Records follow. Print exactly the lines from the one that has "欧洲冠军联赛精彩对决悬念重重" through the one that has "20년간 세상은 요지경", inclusive, and omit the pictures.

- Exercise input:

§

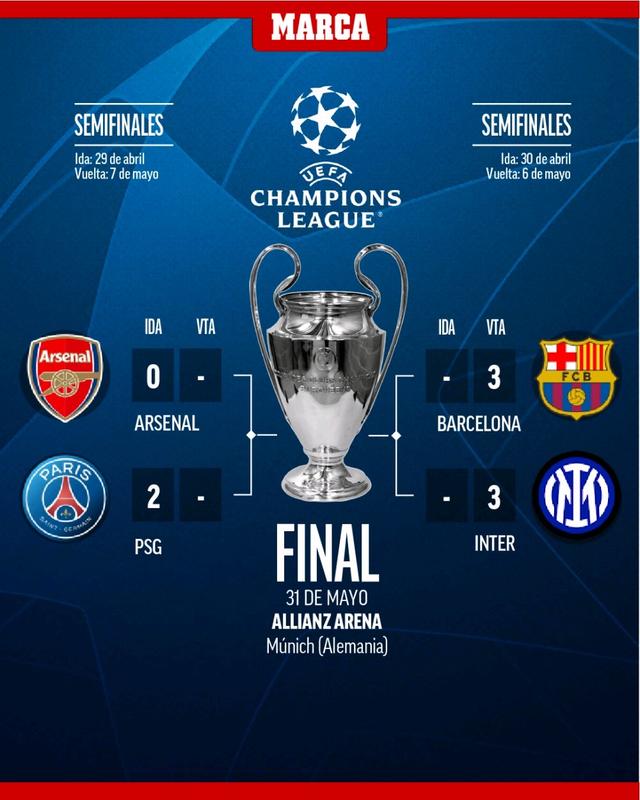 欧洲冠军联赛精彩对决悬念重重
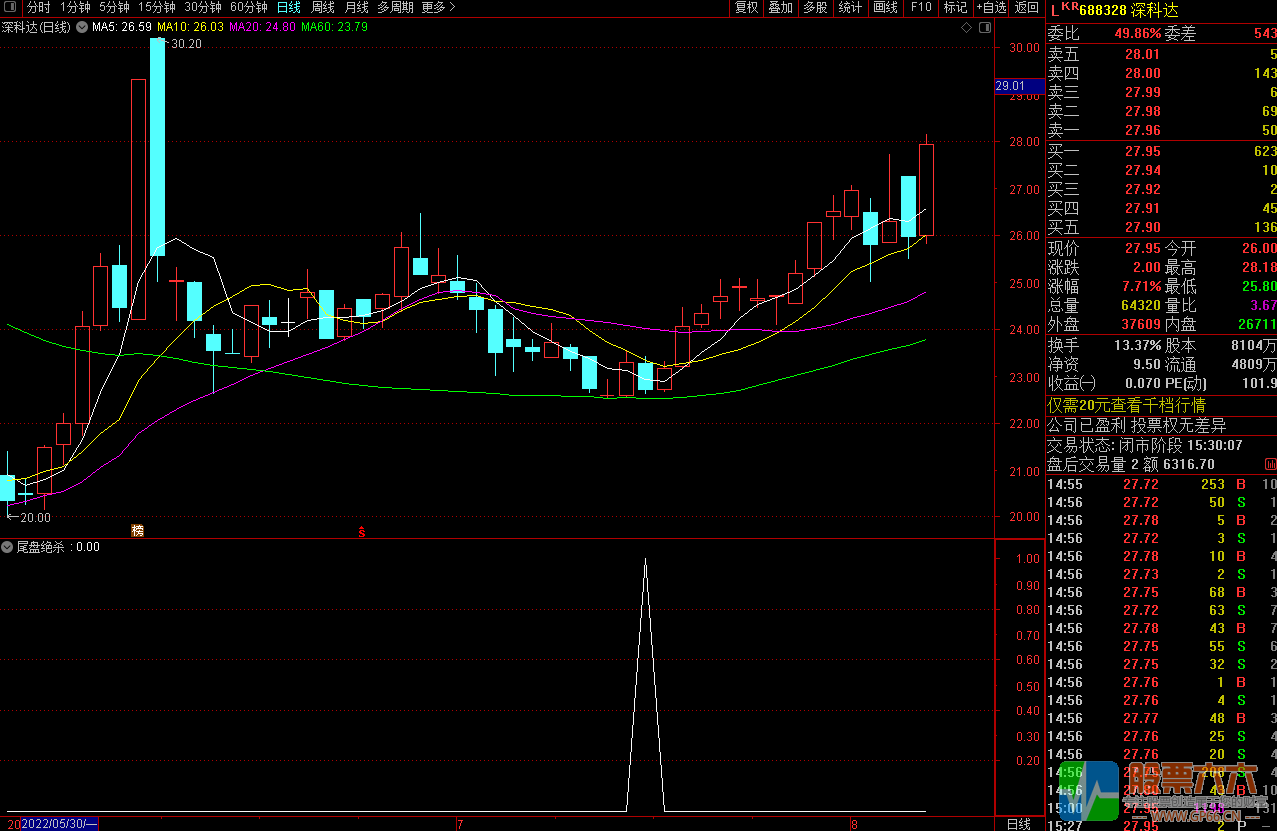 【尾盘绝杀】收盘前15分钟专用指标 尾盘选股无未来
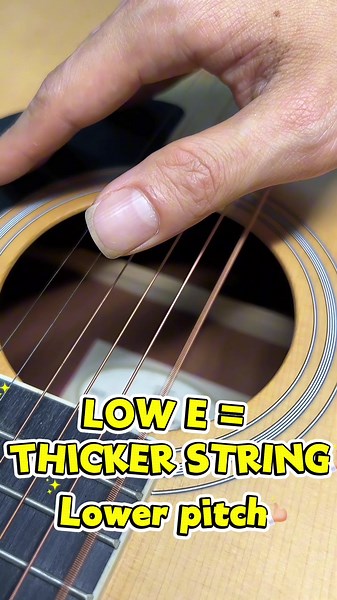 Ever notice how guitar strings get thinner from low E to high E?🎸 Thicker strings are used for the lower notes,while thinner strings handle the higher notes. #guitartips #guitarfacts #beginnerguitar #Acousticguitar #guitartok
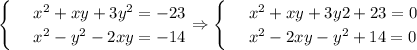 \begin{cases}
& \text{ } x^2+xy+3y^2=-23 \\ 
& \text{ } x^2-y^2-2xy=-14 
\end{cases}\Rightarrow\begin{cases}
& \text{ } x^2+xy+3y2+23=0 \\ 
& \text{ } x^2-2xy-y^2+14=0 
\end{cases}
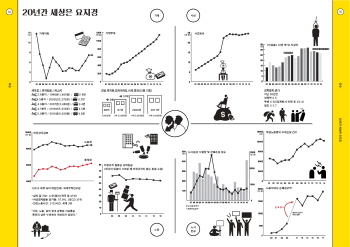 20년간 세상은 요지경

§

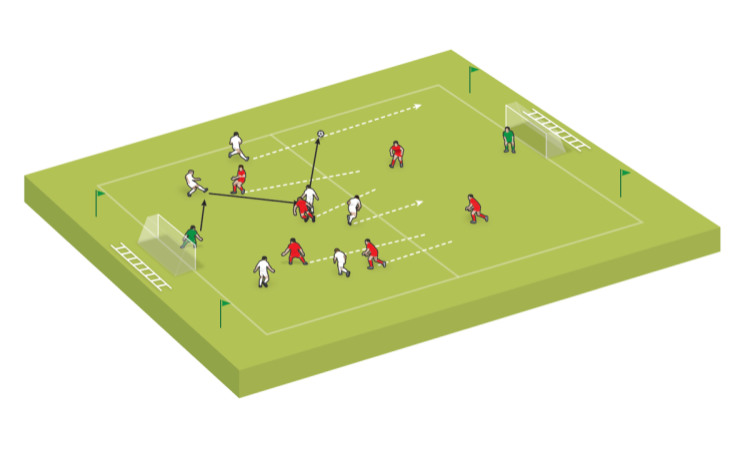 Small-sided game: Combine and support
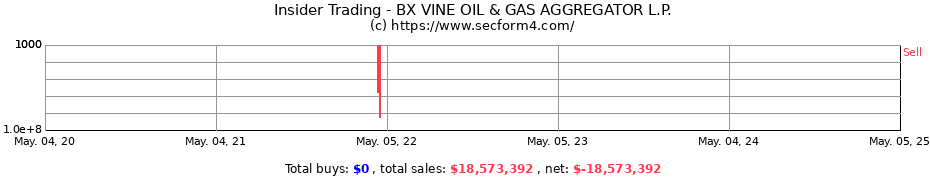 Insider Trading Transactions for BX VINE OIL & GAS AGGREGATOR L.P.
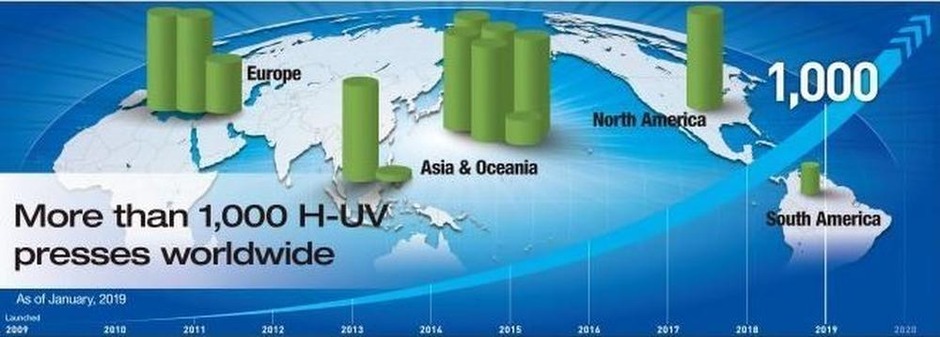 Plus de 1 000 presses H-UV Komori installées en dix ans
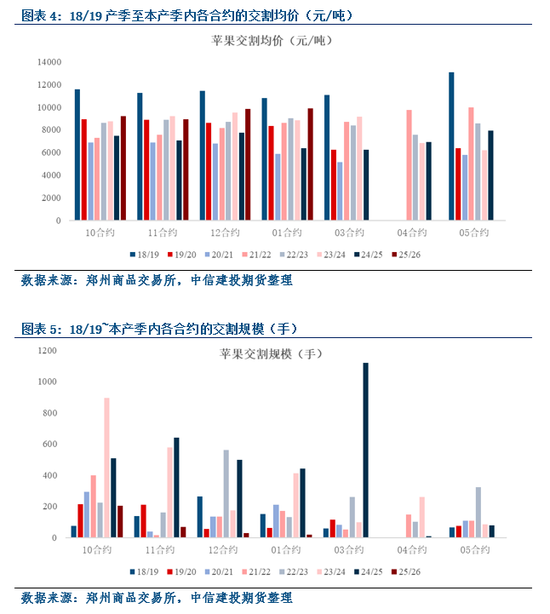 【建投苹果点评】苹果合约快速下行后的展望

§

- Exercise response:
 欧洲冠军联赛精彩对决悬念重重
 【尾盘绝杀】收盘前15分钟专用指标 尾盘选股无未来
 Ever notice how guitar strings get thinner from low E to high E?🎸 Thicker strings are used for the lower notes,while thinner strings handle the higher notes. #guitartips #guitarfacts #beginnerguitar #Acousticguitar #guitartok
 \begin{cases}
& \text{ } x^2+xy+3y^2=-23 \\ 
& \text{ } x^2-y^2-2xy=-14 
\end{cases}\Rightarrow\begin{cases}
& \text{ } x^2+xy+3y2+23=0 \\ 
& \text{ } x^2-2xy-y^2+14=0 
\end{cases}
 20년간 세상은 요지경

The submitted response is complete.